Por Andrew Fischer
Afrofuturismo: por um futuro negro
O movimento negro encontra no afrofuturismo uma chance de idealizar um futuro no qual se acredita ser possível. O afrofuturismo é um movimento cultural, estético, político e econômico que incorpora a ficção científica e a tecnologia para reimaginar o futuro negro e africano a partir da ancestralidade através da perspectiva das próprias pessoas negras.
Conforme a explicação de Kelly Quirino, doutora e professora de comunicação e pesquisadora de relações raciais da Universidade de Brasília (UNB): “Essa perspectiva do afrofuturismo se apropria desses conhecimentos ancestrais (da África) para ressignificar na atualidade e fazer uma projeção de uma narrativa futura, onde há o
protagonismo dessa população negra. O racismo tira esse protagonismo, coloca os povos negros à margem.”, explica a pesquisadora.
Portanto, é a celebração do passado e da identidade para mudar o presente, repensando o lugar ocupado pela tecnologia e como reduzir drasticamente a opressão racial gerada pelo racismo e estruturas de poder que estão fortemente conectadas à sociedade.
Origens e objetivos do afrofuturismo
Apesar de o afrofuturismo ser essencialmente focado no povo negro do mundo todo, o conceito em si foi criado por Mark Dery, produtor cultural branco, na década de 1990 nos
Estados Unidos. No texto “Black to the future”, o autor questiona a falta de escritores negros e negras no campo da ficção científica. Em um dos trechos deste texto, Dery pergunta: “Uma comunidade que teve seu passado apagado, e que as energias foram subsequentemente consumidas pela busca da sua história, pode imaginar possíveis futuros?”.
É importante dizer que, ainda que Dery tenha sido o criador do termo, não foi ele quem desenvolveu o movimento porque elementos afrofuturistas já existiam 70 anos antes da invenção do conceito. Em “The Comet”, conto publicado em 1920, o sociólogo e autor W.E.B Du Bois conta a história de uma mulher branca e um homem negro que são os
únicos sobreviventes após o impacto de um asteroide em Nova York. O conto aborda relações raciais e novos tipos de interações que podem ocorrer em um cenário apocalíptico.
Considerada como “a mãe do afrofuturismo”, Octavia Butler, filha de uma empregada doméstica, começou a escrever aos 12 de idade depois de assistir ao filme de ficção científica Garota Diabólica de Marte (1954) e perceber que seria capaz de escrever um enredo melhor do que aquele. Porém, nem sempre recebeu apoio da família, pois uma de suas tias dizia que “mulheres não podiam ser escritoras”.

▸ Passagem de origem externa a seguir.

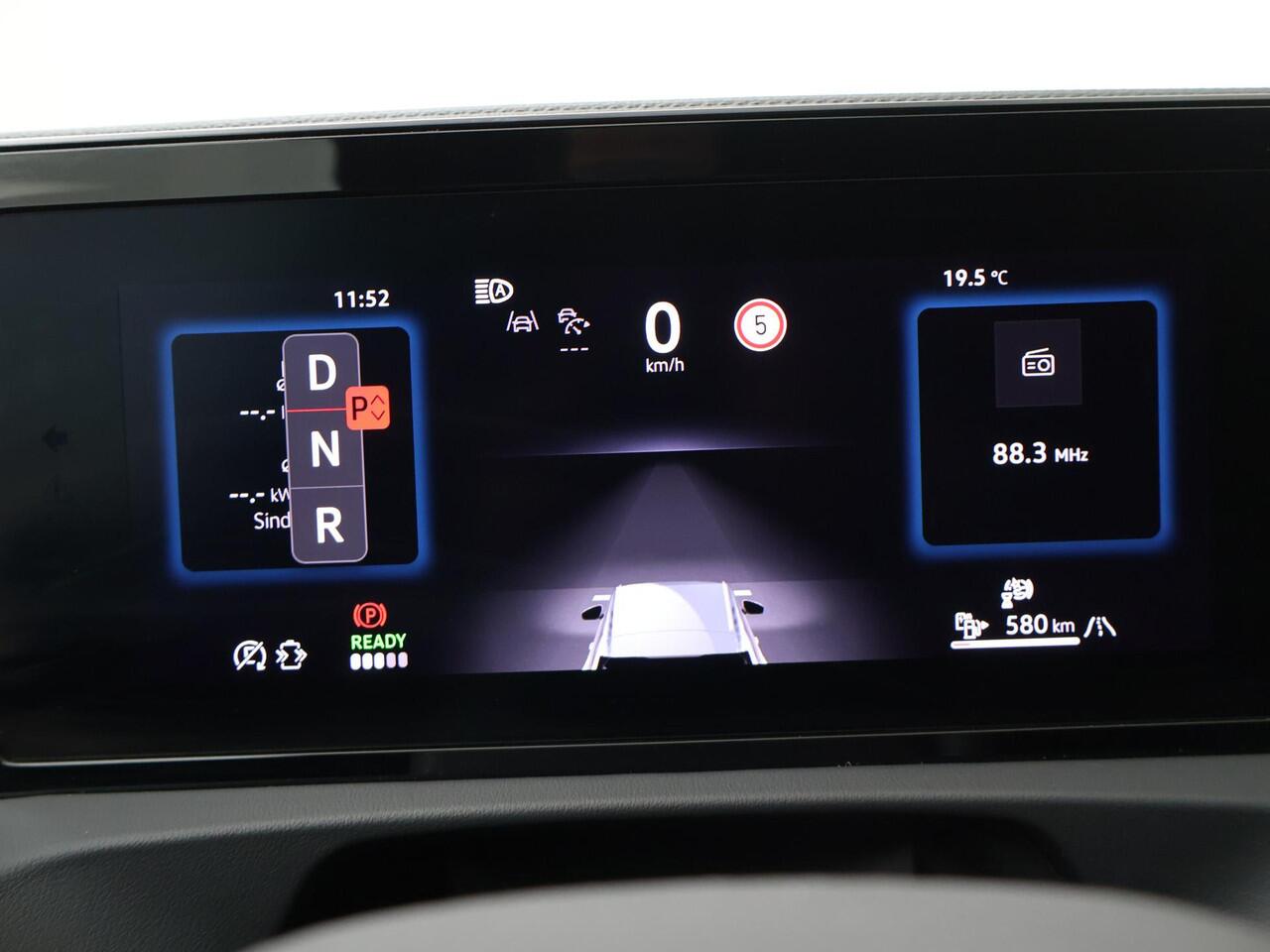 Volkswagen TIGUAN 1.5 eHybrid R-Line Business | 204 PK | SoH 100% | Trekhaak wegklapbaar | Elek. achterklep | Voorstoelen verwarmd | Apple Carplay/Android Auto |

Provavelmente, você já assistiu ou conhece algum filme ou série de viagem no tempo. Mas,como seria se uma pessoa negra voltasse ao passado? Partindo desse questionamento se desenrola “Kindred: Laços de Sangue” (1979), uma das obras de Butler, em que Dana, uma jovem escritora negra que vive na Califórnia na década
de 1970, viaja no tempo para uma fazenda escravista no sul dos Estados Unidos e conhece seus antepassados.
Na narrativa afrofuturista, a protagonista precisa sobreviver em uma sociedade racista do passado e garantir o encontro dos bisavós, Alice (mulher escravizada) e Rufus (homem
branco dono das terras) para que ela mesma possa existir no futuro. Como dito na explicação do conceito de afrofuturismo, esse movimento extrapola o contexto
da literatura, sendo uma maneira de construir um amanhã mais igualitário e com equidade racial. Nesse sentido, segundo a pesquisadora Lisa Yaszek, entre os objetivos das obras
afrofuturistas estão:
- Recuperar a história preta apagada pelo colonialismo;
- Questionar como essa história influencia na formação cultura;l
- Pensar na influência dessas histórias para a construção de um futuro.
A partir desses propósitos, é possível confrontar os modelos sociais da atualidade, colocando as pessoas negras no centro dessa discussão, não como vítimas do futuro, mas como autoras. É um ato revolucionário sonhar (e agir) com um futuro em que negras e negros estejam vivos, felizes, tenham possibilidades e oportunidades de liderarem as próprias narrativas, considerando o retrato social do presente (como dados de violência, pobreza e remuneração de pessoas negras) e do passado.